> [TASK BRIEF]: Leave out every picture and set down, exactly, the lines below from the one holding "Glowing lines on blue background" up to and including the one holding "TN license plate B8135J".

> [DATA FOR REVIEW]:
== Segment start ==

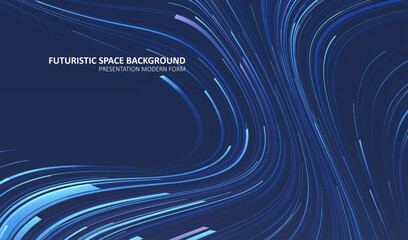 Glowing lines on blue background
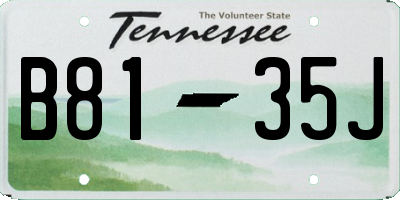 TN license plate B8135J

== Segment end ==
== Segment start ==

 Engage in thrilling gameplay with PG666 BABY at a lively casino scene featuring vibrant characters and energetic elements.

== Segment end ==

> [SOLUTION TO THIS TASK]:
 Glowing lines on blue background
 TN license plate B8135J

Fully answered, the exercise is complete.